DATA SHOWN.

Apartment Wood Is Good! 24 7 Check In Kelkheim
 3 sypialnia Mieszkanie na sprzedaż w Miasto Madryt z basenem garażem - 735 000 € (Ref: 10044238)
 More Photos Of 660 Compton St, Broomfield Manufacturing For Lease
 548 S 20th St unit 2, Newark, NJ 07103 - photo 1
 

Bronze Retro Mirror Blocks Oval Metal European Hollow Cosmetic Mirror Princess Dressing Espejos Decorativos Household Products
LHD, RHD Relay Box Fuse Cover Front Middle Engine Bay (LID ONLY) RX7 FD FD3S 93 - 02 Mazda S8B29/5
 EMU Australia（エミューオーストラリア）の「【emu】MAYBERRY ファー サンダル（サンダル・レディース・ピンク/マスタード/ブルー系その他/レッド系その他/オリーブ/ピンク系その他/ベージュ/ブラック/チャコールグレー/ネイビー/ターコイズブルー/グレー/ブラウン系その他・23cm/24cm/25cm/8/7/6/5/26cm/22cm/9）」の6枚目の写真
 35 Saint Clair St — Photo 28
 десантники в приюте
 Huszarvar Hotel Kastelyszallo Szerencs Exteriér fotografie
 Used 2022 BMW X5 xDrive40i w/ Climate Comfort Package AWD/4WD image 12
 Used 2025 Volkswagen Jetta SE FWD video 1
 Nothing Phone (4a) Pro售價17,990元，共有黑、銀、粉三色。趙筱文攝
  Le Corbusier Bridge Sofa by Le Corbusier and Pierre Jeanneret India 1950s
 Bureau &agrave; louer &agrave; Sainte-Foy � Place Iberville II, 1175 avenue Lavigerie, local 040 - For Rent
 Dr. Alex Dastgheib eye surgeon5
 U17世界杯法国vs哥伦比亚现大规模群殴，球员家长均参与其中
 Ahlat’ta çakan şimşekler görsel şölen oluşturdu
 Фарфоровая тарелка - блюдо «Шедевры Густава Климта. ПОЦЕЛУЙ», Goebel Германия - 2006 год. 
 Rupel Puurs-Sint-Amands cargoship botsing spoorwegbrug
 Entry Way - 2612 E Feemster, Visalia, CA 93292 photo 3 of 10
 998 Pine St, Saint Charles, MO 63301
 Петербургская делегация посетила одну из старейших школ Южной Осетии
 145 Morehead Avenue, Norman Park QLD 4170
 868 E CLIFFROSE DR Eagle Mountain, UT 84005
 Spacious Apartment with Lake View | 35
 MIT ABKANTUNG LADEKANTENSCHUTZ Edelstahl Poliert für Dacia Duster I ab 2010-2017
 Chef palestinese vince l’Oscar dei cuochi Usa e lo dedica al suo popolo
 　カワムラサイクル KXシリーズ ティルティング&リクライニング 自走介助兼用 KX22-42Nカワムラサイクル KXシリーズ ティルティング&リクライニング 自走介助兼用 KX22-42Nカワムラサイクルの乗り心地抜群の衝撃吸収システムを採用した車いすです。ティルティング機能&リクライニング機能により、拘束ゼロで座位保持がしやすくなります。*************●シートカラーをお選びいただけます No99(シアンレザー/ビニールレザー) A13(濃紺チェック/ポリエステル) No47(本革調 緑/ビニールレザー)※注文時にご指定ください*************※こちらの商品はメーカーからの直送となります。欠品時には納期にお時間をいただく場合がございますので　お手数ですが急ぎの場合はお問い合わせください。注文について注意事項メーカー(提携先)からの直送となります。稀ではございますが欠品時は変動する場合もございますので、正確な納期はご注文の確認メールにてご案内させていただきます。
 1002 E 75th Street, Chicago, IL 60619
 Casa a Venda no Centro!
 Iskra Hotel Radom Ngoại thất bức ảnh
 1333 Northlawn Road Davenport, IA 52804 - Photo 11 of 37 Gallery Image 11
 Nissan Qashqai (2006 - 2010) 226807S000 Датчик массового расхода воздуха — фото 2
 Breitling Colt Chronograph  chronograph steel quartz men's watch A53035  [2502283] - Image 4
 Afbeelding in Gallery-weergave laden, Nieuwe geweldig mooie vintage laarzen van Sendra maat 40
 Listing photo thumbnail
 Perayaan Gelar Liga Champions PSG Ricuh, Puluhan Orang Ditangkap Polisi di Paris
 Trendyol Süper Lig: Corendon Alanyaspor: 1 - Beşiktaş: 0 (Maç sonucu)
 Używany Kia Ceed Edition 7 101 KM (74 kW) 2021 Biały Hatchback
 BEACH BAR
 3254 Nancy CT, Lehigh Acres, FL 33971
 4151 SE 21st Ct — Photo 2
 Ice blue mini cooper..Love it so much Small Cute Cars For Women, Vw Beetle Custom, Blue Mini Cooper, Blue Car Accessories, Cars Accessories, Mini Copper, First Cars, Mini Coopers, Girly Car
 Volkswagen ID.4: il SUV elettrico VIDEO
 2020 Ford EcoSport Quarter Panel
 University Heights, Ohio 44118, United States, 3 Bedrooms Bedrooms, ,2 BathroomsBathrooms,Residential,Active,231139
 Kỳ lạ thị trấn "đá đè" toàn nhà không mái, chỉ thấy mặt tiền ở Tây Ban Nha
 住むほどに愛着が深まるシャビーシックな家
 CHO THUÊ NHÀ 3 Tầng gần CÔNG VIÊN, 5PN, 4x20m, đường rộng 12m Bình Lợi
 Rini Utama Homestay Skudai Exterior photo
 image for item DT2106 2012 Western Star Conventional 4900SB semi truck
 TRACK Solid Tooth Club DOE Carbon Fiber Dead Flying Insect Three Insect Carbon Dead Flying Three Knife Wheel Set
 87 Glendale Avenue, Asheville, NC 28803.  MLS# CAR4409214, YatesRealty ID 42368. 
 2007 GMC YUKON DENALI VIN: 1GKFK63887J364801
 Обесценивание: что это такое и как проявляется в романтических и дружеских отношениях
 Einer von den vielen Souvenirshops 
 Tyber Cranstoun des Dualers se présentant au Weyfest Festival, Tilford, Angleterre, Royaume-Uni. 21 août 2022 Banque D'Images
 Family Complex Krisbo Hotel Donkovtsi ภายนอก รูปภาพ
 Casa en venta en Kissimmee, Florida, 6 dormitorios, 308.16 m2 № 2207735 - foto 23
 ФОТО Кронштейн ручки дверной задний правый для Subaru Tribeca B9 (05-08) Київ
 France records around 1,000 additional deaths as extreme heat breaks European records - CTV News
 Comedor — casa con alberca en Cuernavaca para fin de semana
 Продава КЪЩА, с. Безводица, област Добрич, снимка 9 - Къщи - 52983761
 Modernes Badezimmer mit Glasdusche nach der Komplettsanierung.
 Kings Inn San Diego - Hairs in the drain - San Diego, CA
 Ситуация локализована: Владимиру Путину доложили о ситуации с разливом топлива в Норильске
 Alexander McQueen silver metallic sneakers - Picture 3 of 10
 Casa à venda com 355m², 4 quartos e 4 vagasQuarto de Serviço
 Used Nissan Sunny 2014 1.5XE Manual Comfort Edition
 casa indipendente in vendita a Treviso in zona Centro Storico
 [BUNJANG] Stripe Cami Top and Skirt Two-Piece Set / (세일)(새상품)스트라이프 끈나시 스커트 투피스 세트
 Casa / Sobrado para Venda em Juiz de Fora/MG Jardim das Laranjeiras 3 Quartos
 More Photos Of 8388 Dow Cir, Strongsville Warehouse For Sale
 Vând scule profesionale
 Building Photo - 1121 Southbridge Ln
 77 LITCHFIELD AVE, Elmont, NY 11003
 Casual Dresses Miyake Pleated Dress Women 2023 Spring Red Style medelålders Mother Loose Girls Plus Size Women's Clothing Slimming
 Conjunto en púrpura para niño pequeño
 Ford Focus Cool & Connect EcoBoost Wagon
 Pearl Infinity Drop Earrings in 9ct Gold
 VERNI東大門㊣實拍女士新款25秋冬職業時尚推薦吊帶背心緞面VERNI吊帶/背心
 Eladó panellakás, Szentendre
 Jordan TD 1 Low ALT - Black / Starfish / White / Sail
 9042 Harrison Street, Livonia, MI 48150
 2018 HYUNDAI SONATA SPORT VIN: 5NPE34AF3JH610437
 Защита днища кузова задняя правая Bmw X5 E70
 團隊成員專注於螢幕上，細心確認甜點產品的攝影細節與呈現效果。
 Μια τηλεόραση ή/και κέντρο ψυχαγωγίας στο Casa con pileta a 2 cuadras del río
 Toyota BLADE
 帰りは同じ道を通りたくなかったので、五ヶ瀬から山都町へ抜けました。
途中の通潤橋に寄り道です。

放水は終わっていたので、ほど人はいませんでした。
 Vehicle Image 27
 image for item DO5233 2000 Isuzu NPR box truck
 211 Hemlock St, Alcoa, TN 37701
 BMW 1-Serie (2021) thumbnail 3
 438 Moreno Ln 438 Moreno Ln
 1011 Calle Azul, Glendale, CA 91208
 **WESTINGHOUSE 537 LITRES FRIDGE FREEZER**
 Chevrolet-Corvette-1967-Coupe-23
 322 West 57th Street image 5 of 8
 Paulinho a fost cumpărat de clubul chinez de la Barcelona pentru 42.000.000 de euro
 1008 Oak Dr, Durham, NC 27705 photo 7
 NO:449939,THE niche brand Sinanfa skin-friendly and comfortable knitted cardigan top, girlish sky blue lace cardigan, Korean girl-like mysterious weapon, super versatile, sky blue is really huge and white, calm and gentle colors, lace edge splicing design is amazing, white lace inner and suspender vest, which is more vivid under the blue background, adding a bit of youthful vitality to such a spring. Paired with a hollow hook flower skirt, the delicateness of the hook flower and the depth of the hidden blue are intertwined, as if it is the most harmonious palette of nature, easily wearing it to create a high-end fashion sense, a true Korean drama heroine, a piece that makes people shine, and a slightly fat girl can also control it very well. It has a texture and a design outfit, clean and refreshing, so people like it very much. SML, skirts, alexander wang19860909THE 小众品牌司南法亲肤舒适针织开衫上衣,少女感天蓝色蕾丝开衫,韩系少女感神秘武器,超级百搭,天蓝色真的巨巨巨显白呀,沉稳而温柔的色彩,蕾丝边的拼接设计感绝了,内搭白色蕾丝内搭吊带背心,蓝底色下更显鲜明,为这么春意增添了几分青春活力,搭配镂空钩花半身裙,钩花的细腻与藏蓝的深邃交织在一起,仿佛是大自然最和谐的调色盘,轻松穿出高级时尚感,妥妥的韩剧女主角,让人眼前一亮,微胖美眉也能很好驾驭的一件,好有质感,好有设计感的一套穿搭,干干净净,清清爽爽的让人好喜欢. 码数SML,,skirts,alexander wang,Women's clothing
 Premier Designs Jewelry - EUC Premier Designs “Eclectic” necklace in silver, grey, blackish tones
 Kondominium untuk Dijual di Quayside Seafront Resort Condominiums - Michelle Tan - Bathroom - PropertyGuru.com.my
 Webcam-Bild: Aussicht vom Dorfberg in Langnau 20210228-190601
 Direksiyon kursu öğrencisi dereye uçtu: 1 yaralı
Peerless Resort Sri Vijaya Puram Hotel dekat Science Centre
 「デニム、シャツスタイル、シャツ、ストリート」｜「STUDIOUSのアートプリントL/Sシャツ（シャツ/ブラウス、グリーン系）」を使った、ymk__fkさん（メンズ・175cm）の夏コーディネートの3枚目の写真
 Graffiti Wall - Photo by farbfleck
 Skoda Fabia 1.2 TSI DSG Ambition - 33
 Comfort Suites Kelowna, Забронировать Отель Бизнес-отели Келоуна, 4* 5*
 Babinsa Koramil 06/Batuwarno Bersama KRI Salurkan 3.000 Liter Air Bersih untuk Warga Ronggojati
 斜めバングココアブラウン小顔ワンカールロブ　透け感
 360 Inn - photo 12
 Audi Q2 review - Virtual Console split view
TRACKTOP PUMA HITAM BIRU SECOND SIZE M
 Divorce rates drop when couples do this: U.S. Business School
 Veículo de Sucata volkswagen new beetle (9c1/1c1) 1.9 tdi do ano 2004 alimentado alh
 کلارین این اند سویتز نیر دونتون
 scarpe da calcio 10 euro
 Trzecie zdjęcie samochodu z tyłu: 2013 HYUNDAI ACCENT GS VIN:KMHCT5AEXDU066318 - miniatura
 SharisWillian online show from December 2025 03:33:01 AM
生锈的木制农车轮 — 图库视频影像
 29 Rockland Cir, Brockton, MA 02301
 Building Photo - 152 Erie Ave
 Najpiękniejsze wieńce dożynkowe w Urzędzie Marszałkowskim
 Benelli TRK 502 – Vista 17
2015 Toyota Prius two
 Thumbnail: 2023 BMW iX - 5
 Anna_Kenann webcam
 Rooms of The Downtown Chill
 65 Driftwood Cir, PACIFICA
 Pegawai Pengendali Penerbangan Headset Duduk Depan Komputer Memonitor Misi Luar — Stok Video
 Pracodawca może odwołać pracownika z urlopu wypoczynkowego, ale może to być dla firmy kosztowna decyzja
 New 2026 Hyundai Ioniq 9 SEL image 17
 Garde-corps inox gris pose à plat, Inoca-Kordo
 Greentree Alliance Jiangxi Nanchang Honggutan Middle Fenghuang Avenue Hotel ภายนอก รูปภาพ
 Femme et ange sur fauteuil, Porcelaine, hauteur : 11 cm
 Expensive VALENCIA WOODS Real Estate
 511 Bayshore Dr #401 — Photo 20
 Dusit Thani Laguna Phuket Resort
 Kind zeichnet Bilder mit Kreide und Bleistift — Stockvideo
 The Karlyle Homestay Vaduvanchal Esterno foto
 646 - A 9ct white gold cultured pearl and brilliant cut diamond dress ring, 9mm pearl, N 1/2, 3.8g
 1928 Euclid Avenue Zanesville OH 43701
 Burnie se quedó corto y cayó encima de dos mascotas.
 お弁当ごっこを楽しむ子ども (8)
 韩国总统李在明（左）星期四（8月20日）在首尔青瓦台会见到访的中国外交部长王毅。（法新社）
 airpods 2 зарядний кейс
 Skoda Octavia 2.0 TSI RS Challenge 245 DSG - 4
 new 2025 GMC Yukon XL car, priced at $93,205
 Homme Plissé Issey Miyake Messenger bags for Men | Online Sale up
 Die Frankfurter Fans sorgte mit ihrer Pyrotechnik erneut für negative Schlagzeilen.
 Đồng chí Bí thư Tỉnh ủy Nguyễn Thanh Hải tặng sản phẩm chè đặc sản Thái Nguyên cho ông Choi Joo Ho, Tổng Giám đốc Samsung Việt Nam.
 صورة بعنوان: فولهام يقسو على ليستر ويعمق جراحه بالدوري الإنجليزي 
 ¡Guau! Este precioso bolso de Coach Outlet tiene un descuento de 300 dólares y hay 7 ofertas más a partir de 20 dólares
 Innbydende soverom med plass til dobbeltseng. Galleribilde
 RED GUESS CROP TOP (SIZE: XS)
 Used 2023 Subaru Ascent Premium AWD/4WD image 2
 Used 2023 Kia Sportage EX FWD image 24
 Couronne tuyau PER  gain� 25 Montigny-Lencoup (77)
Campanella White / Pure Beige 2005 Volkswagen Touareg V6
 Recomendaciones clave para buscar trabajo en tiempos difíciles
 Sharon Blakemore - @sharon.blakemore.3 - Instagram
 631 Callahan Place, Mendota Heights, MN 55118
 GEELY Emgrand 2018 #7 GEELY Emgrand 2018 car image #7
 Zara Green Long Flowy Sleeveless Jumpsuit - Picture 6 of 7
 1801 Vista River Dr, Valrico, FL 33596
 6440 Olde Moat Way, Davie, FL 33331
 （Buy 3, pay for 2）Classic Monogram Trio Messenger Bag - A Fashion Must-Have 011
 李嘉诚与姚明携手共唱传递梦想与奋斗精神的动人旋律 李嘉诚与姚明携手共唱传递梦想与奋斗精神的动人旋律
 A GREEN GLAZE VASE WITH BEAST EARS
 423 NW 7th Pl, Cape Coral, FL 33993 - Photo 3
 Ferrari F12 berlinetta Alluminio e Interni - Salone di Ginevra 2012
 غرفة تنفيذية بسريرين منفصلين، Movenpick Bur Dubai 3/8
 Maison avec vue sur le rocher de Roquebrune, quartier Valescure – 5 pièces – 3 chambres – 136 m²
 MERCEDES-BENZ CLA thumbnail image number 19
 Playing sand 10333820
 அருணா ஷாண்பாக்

ASSIGNMENT. Return word for word the lines above from the line with "1928 Euclid Avenue Zanesville OH 43701" to the line with "Skoda Octavia 2.0", including both and leaving out all others.

FINISHED EXERCISE.
 1928 Euclid Avenue Zanesville OH 43701
 Burnie se quedó corto y cayó encima de dos mascotas.
 お弁当ごっこを楽しむ子ども (8)
 韩国总统李在明（左）星期四（8月20日）在首尔青瓦台会见到访的中国外交部长王毅。（法新社）
 airpods 2 зарядний кейс
 Skoda Octavia 2.0 TSI RS Challenge 245 DSG - 4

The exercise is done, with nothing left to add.